EXERCISE DESCRIPTION
What is needed here is a verbatim copy of the records that follow.
*** Opening RECORDS ***
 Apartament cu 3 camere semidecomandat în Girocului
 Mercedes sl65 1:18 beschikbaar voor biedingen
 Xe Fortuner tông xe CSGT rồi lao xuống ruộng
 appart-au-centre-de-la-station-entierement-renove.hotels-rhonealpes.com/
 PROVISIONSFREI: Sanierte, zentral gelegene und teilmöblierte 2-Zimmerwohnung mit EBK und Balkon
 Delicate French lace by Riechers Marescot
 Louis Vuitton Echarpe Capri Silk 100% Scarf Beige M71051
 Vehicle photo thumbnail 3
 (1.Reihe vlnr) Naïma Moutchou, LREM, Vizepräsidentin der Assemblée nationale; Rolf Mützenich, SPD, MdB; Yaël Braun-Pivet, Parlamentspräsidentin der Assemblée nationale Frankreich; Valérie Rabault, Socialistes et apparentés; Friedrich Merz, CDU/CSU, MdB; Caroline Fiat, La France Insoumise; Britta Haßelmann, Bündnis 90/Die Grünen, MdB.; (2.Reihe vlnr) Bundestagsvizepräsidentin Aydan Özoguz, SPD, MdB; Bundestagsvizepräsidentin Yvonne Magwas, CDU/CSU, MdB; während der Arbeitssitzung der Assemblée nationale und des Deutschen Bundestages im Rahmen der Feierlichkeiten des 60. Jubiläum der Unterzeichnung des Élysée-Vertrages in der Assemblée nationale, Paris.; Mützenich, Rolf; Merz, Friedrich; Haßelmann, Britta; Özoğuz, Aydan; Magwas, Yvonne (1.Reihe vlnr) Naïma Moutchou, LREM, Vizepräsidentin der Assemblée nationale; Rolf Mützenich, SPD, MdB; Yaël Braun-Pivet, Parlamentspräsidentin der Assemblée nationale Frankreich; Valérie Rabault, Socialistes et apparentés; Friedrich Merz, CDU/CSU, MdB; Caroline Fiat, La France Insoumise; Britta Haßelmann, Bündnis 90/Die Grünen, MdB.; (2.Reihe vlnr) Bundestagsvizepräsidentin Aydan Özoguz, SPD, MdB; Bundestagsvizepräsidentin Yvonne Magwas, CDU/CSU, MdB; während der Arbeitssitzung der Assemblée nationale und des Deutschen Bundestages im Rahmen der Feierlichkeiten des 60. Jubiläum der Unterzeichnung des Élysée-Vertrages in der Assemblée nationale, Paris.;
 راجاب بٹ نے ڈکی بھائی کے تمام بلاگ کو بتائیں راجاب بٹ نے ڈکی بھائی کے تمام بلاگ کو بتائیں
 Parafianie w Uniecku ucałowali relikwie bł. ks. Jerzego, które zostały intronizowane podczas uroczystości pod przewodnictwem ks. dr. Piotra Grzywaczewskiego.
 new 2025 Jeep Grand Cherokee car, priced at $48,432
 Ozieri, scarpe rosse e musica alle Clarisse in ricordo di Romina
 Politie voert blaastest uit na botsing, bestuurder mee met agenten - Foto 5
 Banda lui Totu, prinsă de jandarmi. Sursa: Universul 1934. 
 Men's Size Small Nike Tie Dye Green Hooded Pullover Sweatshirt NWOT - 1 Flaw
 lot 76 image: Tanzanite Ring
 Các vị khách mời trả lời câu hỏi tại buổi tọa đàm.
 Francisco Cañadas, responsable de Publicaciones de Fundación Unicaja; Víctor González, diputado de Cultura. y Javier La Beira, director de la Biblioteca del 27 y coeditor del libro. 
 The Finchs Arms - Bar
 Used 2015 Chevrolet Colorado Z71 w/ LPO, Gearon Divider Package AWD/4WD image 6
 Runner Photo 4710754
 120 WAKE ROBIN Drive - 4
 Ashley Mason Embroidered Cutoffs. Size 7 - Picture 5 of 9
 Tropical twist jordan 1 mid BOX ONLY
*** Closing RECORDS ***
EXERCISE OUTPUT
 Apartament cu 3 camere semidecomandat în Girocului
 Mercedes sl65 1:18 beschikbaar voor biedingen
 Xe Fortuner tông xe CSGT rồi lao xuống ruộng
 appart-au-centre-de-la-station-entierement-renove.hotels-rhonealpes.com/
 PROVISIONSFREI: Sanierte, zentral gelegene und teilmöblierte 2-Zimmerwohnung mit EBK und Balkon
 Delicate French lace by Riechers Marescot
 Louis Vuitton Echarpe Capri Silk 100% Scarf Beige M71051
 Vehicle photo thumbnail 3
 (1.Reihe vlnr) Naïma Moutchou, LREM, Vizepräsidentin der Assemblée nationale; Rolf Mützenich, SPD, MdB; Yaël Braun-Pivet, Parlamentspräsidentin der Assemblée nationale Frankreich; Valérie Rabault, Socialistes et apparentés; Friedrich Merz, CDU/CSU, MdB; Caroline Fiat, La France Insoumise; Britta Haßelmann, Bündnis 90/Die Grünen, MdB.; (2.Reihe vlnr) Bundestagsvizepräsidentin Aydan Özoguz, SPD, MdB; Bundestagsvizepräsidentin Yvonne Magwas, CDU/CSU, MdB; während der Arbeitssitzung der Assemblée nationale und des Deutschen Bundestages im Rahmen der Feierlichkeiten des 60. Jubiläum der Unterzeichnung des Élysée-Vertrages in der Assemblée nationale, Paris.; Mützenich, Rolf; Merz, Friedrich; Haßelmann, Britta; Özoğuz, Aydan; Magwas, Yvonne (1.Reihe vlnr) Naïma Moutchou, LREM, Vizepräsidentin der Assemblée nationale; Rolf Mützenich, SPD, MdB; Yaël Braun-Pivet, Parlamentspräsidentin der Assemblée nationale Frankreich; Valérie Rabault, Socialistes et apparentés; Friedrich Merz, CDU/CSU, MdB; Caroline Fiat, La France Insoumise; Britta Haßelmann, Bündnis 90/Die Grünen, MdB.; (2.Reihe vlnr) Bundestagsvizepräsidentin Aydan Özoguz, SPD, MdB; Bundestagsvizepräsidentin Yvonne Magwas, CDU/CSU, MdB; während der Arbeitssitzung der Assemblée nationale und des Deutschen Bundestages im Rahmen der Feierlichkeiten des 60. Jubiläum der Unterzeichnung des Élysée-Vertrages in der Assemblée nationale, Paris.;
 راجاب بٹ نے ڈکی بھائی کے تمام بلاگ کو بتائیں راجاب بٹ نے ڈکی بھائی کے تمام بلاگ کو بتائیں
 Parafianie w Uniecku ucałowali relikwie bł. ks. Jerzego, które zostały intronizowane podczas uroczystości pod przewodnictwem ks. dr. Piotra Grzywaczewskiego.
 new 2025 Jeep Grand Cherokee car, priced at $48,432
 Ozieri, scarpe rosse e musica alle Clarisse in ricordo di Romina
 Politie voert blaastest uit na botsing, bestuurder mee met agenten - Foto 5
 Banda lui Totu, prinsă de jandarmi. Sursa: Universul 1934. 
 Men's Size Small Nike Tie Dye Green Hooded Pullover Sweatshirt NWOT - 1 Flaw
 lot 76 image: Tanzanite Ring
 Các vị khách mời trả lời câu hỏi tại buổi tọa đàm.
 Francisco Cañadas, responsable de Publicaciones de Fundación Unicaja; Víctor González, diputado de Cultura. y Javier La Beira, director de la Biblioteca del 27 y coeditor del libro. 
 The Finchs Arms - Bar
 Used 2015 Chevrolet Colorado Z71 w/ LPO, Gearon Divider Package AWD/4WD image 6
 Runner Photo 4710754
 120 WAKE ROBIN Drive - 4
 Ashley Mason Embroidered Cutoffs. Size 7 - Picture 5 of 9
 Tropical twist jordan 1 mid BOX ONLY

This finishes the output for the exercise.